LBIST Signatures — Deterministic, Verified
IBEX: 0xa3cf6393 (32 chains, 1000 patterns) ✅ MATCH
PicoSoC: 0x8faa72c7 (128 chains, 1000 patterns) ✅ MATCH
NVDLA: 0xd3670e99 (128 chains, 500 patterns) ✅ MATCH
10. What We Learned Building This
Every row in this table cost us time. We're sharing them because anyone building DFT infrastructure will hit the same walls.
| Lesson | What It Cost |
|---|---|
| Gate models must be verified per-cell, not at system level | Weeks of plausible-looking wrong coverage |
| C extension models must match Python — every pin, every inversion | 52 out of 86 C models had wrong pin mapping |
| Fault persistence during forward propagation is non-negotiable | An engine that once reported detections on unfaulted circuits |
| O(n²) topological sort works on 11K gates. Hangs on 25K. | First PicoSoC run: infinite hang → O(n) adjacency list |
| More scan FFs = dramatically better random coverage | IBEX ~56% random. PicoSoC ~86%. Same algorithm. |
| Undriven nets from HLS must be promoted to input ports | NVDLA stuck at 50% until 49,401 nets promoted |
| Net name normalization — escaped identifiers break silently | 191,378 mismatched names from Yosys flattening |
| Path delay launch point must be explicitly forced | 0% coverage until V1/V2 transition was pinned per-path |
| Never trust coverage without a zero-fault baseline test | The only way to prove your simulator isn't lying to you |
11. Current Status — What's Actually Built
This is the honest, disk-backed answer. Every item below ran through the unified DFT pipeline and produced JSON results with timestamps.
✓ Built and Verified
- Scan insertion (dfxtp → sdfrtp, balanced chains)
- 86 Sky130 gate models (826 individual tests)
- C-accelerated fault simulation (1,500× speedup)
- Stuck-at ATPG (Random + Exhaustive + PODEM)
- Transition fault ATPG (STR + STF, LOS method)
- Path delay ATPG (SDR + SDF, targeted sensitization)
- STIL / WGL export (IEEE 1450, ATE-ready)
- Scan compression (LFSR+XOR, 32–128× reduction)
- LBIST (PRPG + MISR, deterministic signatures)
- JTAG TAP controller (IEEE 1149.1, 4/4 tests pass)
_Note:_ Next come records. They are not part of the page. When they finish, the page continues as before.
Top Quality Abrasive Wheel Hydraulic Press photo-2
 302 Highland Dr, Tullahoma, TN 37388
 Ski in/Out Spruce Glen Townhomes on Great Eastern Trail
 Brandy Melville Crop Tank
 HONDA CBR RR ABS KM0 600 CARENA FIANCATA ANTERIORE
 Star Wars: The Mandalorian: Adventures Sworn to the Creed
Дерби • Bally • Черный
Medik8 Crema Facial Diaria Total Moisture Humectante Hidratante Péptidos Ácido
- MBIST March C- (4 memories, ALL PASS)
- DFT DRC (62 rules, 9 categories)
- Unified runner + HTML signoff report
→ Next
- Boundary scan automated insertion flow
- Multi-clock / CDC scan handling (OCC, lockup latches)
- PODEM-based path delay (close the 25–32% gap)
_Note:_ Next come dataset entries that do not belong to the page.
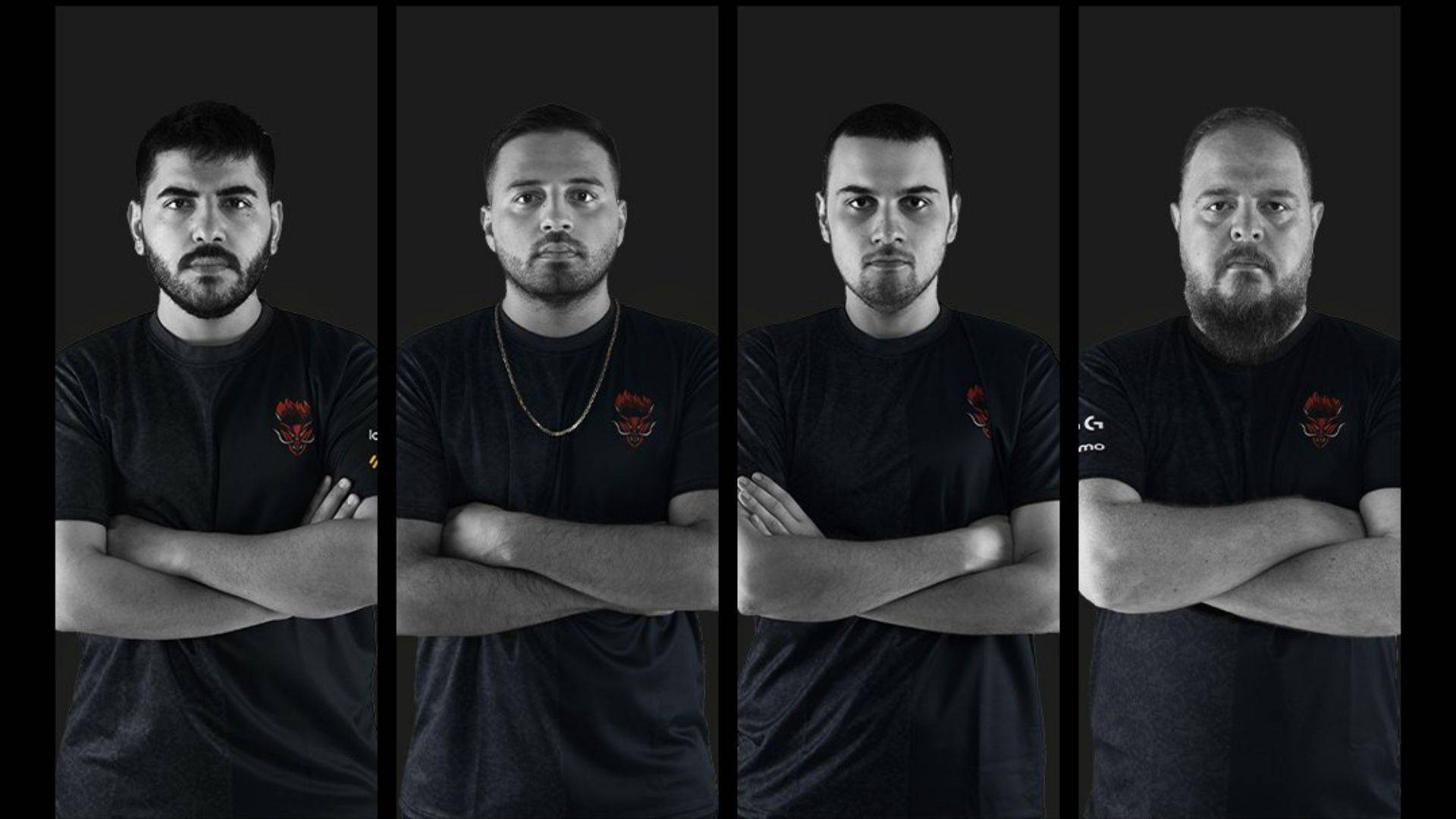 Sangal Esports’tan Ayrılan Oyuncular VALORANT’a Geçiş Yapıyor!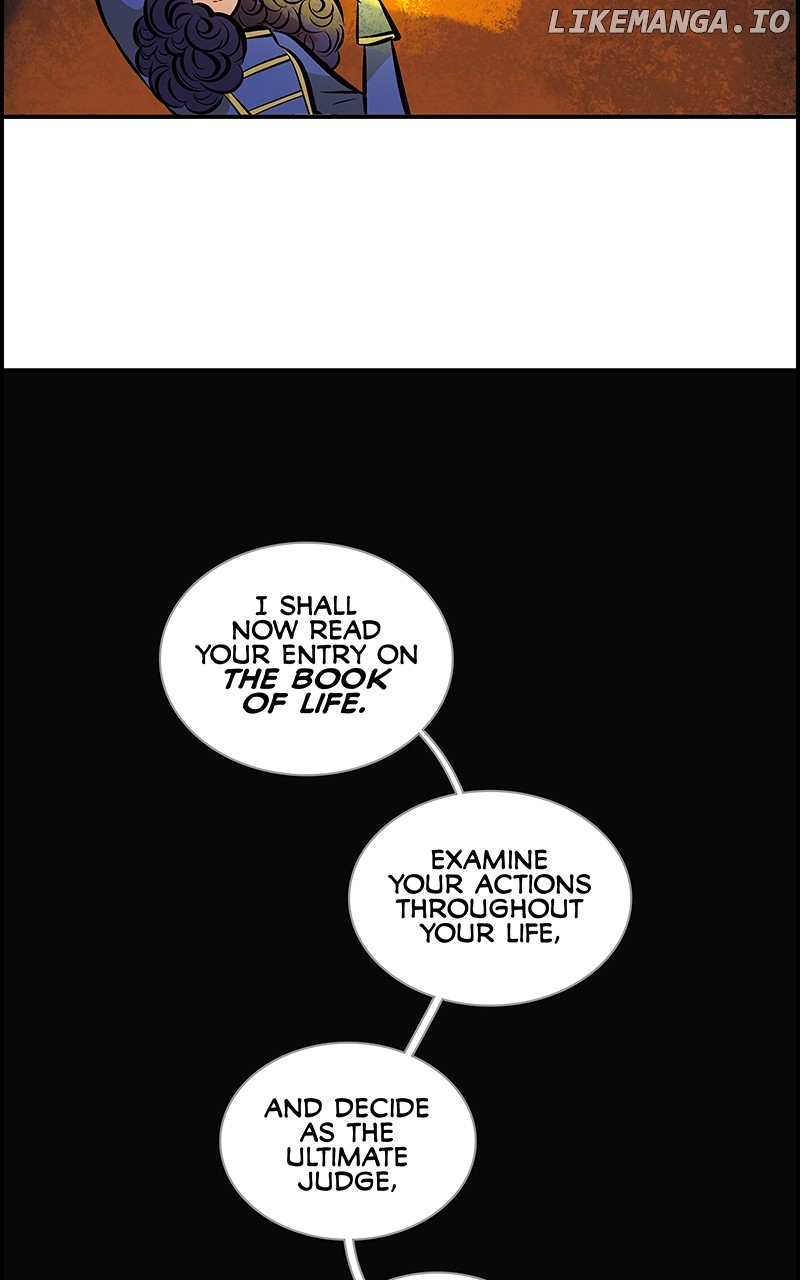 Blessed – Manga chapter 55 - page 16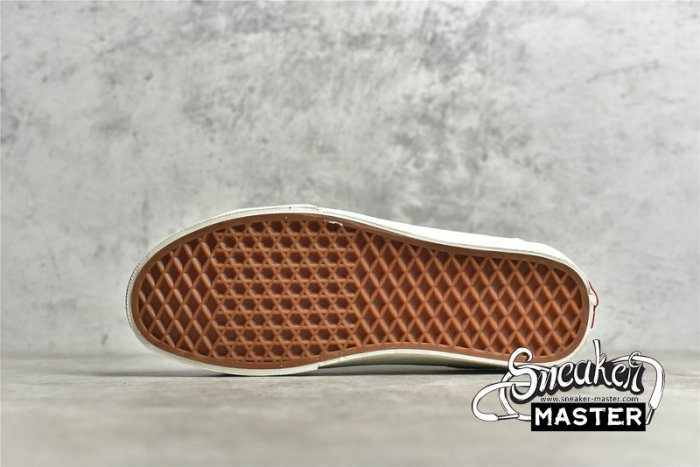 VANS STYLE 36 SF SKATE SHOES SNEAKERS BEIGE/BLACK/WHITE VN0A5HYRAYR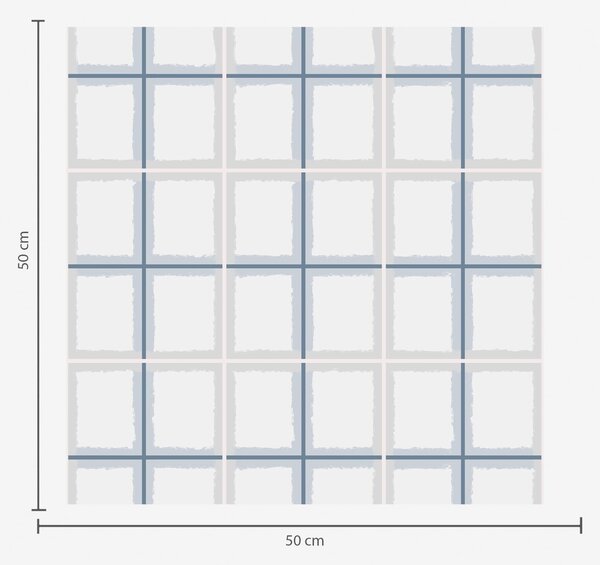 Tapety Wzór w kratkę z niebieskimi i różowymi liniami, Tapety Abstrakcyjne, a01267v6 : Uwalls.pl
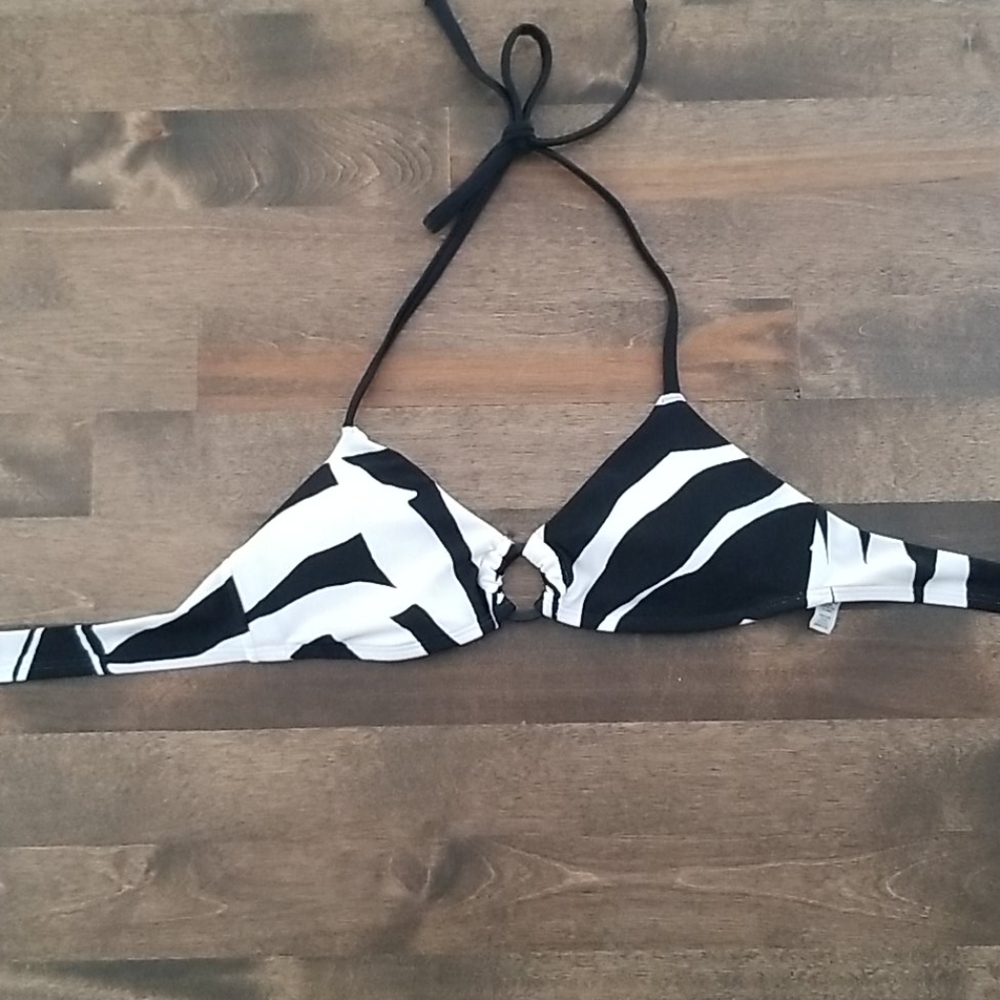 Bathing Suit Top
- Low-power DFT (power-aware ATPG)
- Cell-aware fault models
- Parallel fault sim (multi-core)
- SAT-based ATPG for large cones
12. Why This Matters
Today, a test chip designed on Sky130 through eFabless or ChipFoundry can be synthesized with Yosys, placed and routed with OpenROAD, verified with Verilator — and then hit a wall at DFT. The scan chains don't exist. The test patterns don't exist. The fault coverage is unknown. The chip goes to fab untested.
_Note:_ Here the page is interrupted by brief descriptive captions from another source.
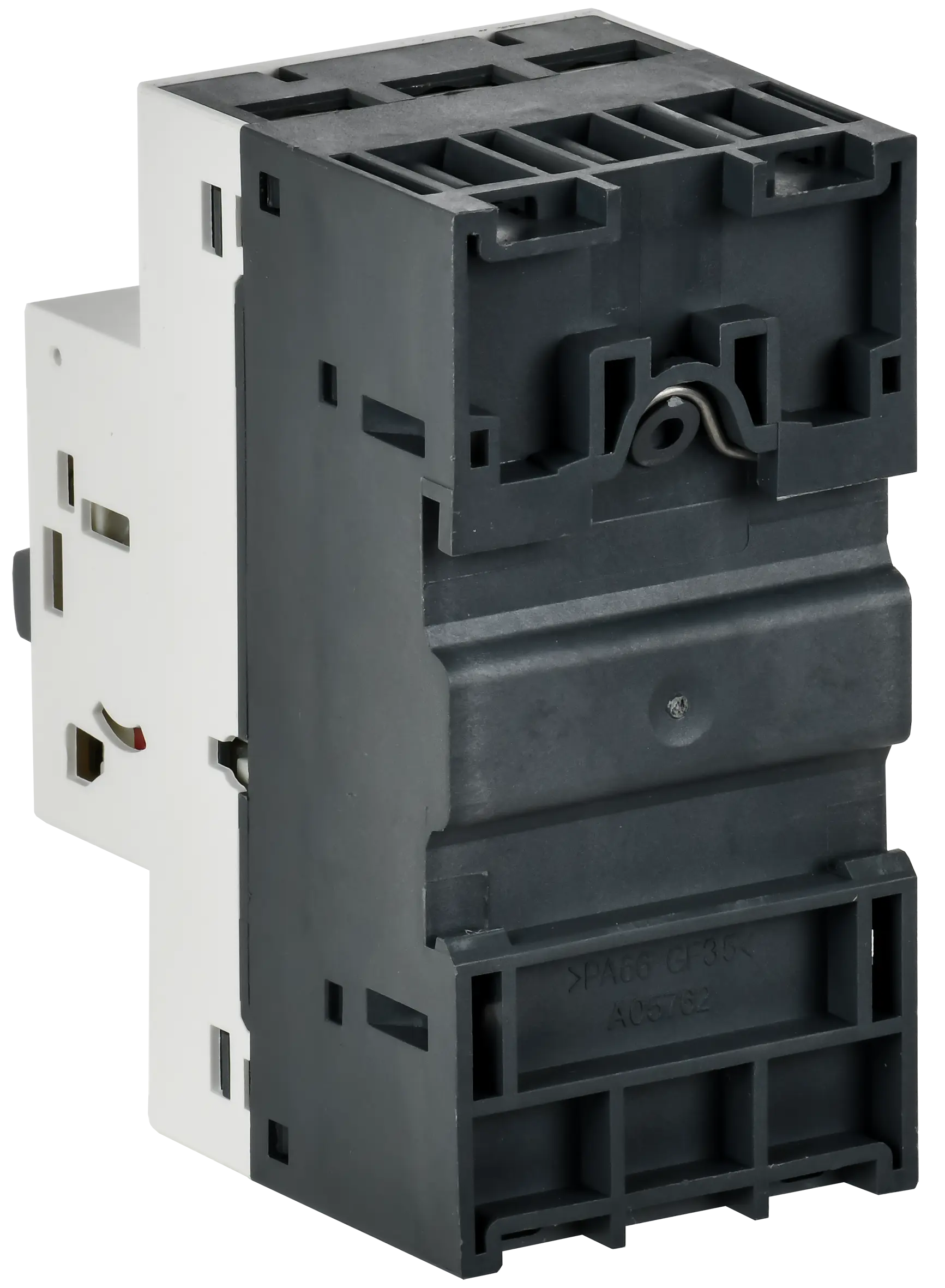 ARMAT Автоматический выключатель защиты двигателя A1 GV2P 1-1,6А IEK ARMAT Автоматический выключатель защиты двигателя A1 GV2P 1-1,6А IEK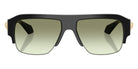 VERSACE VE4525U GB1/8E 57 - Black / Green Gradient #id:ve4525ugb18e_s:106100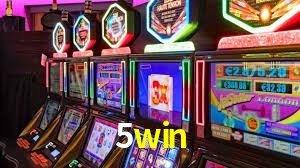 Jogos Exclusivos 5win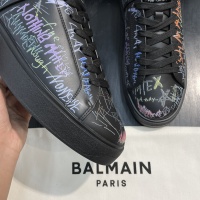 $82.00 USD Balmain Casual Shoes For Men #1082947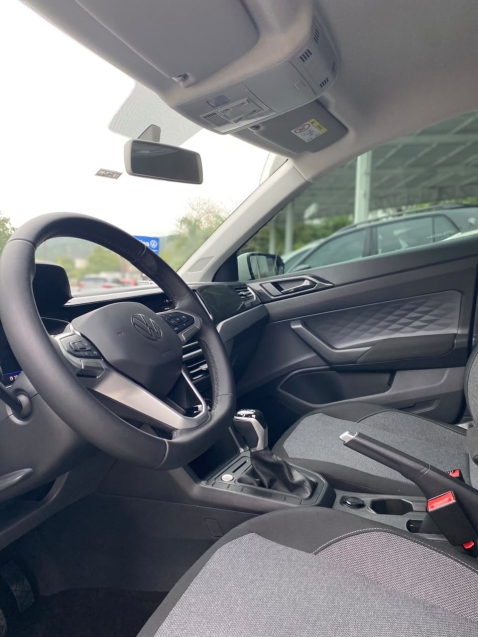 volkswagen polo 1.0 170 tsi sense automatico flex 5p 202610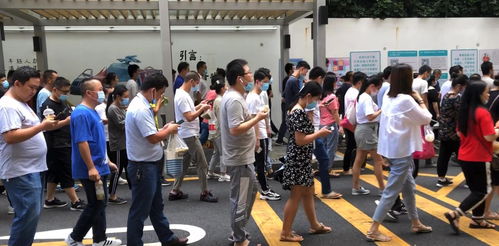 深圳最大的电子厂,也是人最多的工厂,也许曾经你还在这里上过班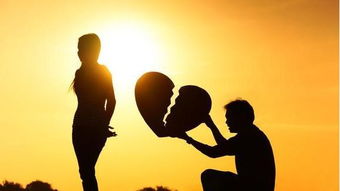 挽回分手复合的句子,成功挽回前任爱人的技巧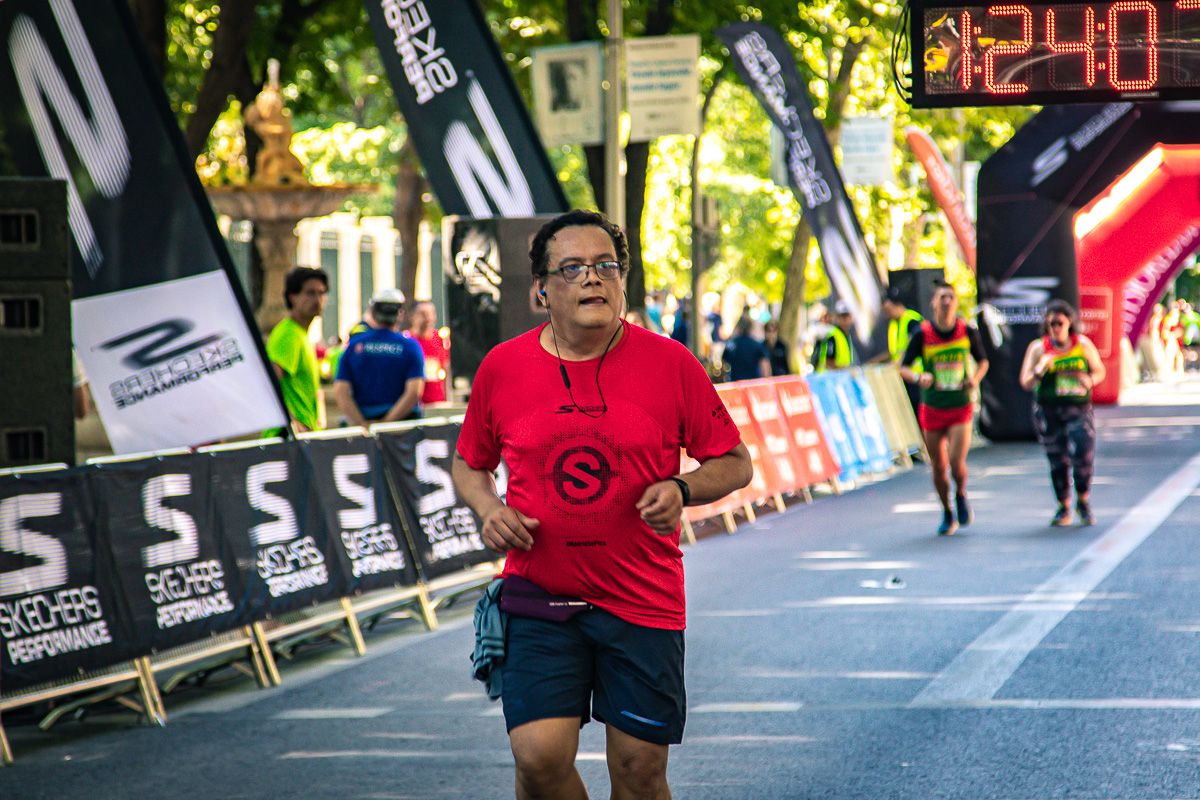Llegada Skechers Norte Sur | GALERÍA 66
We built this because we needed it for our own work. The infrastructure didn't exist, so we created it — 10 tools, one unified pipeline, one signoff report. Validated on real designs from 11K gates to 273K gates on Sky130. Coverage numbers that meet industry thresholds, verified with zero-fault baseline and disk timestamps.
The gap in open-source silicon infrastructure is real. We're working to bridge it.